Quali sono secondo la vostra esperienza gli strumenti da governare per realizzare l’intelligence-driven company?
Come noto, un’organizzazione di tipo IDO – Intelligence Driven Organisation – sfrutta la mole di dati provenienti dall’AI – Intelligenza Artificiale – e lo sviluppo agile per favorire la crescita, l’innovazione, il go to market, oltre l’efficienza dei costi. Una IDO acquisisce segnali digitali in tutti i suoi processi e in tutta la sua attività e pertanto numerosi sono gli strumenti da governare per poterla effettivamente implementare. Volendo individuarne uno che funga da fondamenta per tutta l’organizzazione, possiamo dire che la capacità di innervare il cambiamento in tutti i processi e nella componente umana, cardine di ogni organizzazione, è senza ombra di dubbio la sfida più importante. Questa capacità è prodromica a qualsiasi strategia per arrivare all’implementazione una IDO.
Quali sono le problematiche che incontrano i manager chiamati a gestire la transizione digitale?
Viviamo in un’era in cui analogico e digitale convivono creando un nuovo environment ibrido. Questa forte ibridizzazione, costringe i manager ad aumentare le difficoltà nella gestione del cambiamento, rischiando di far diventare il processo di transizione digitale infinito piuttosto che transitorio, come vorrebbe il nome stesso. Il processo ancora una volta ruota intorno alla centralità dell’uomo in questa transizione. Pertanto il primo problema da affrontare è culturale e trasversale a tutte le risorse dell’organizzazione, ad ogni livello.
Il volume di cui siete autori “Effetto digitale. Visioni d’impresa e Industria 5.0” apre lo scenario sui paradigmi che influenzeranno il prossimo futuro, potete svelarci i principali?
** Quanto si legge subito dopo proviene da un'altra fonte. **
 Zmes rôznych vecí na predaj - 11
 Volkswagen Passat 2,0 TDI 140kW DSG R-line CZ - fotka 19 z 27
Di certo non abbiamo la sfera di cristallo, ma per le numerose esperienze aziendali corroborate dalle diverse permanenze ed interazioni con l’estero, di sicuro possiamo affermare che assisteremo ad un cambiamento epocale nel momento in cui andremo a sfruttare le enormi capacità di calcolo che ci verranno offerte dal quantum computing. A nostro avviso questa grande potenza di calcolo consentirà di integrare le tecnologie che hanno un livello di maturità maggiore di quanto noi siamo in grado di cogliere. Il problema consisterà, piuttosto, nella nostra capacità creativa necessaria a generare nuove esperienze e nuove applicazioni utili per migliorare il nostro agire quotidiano.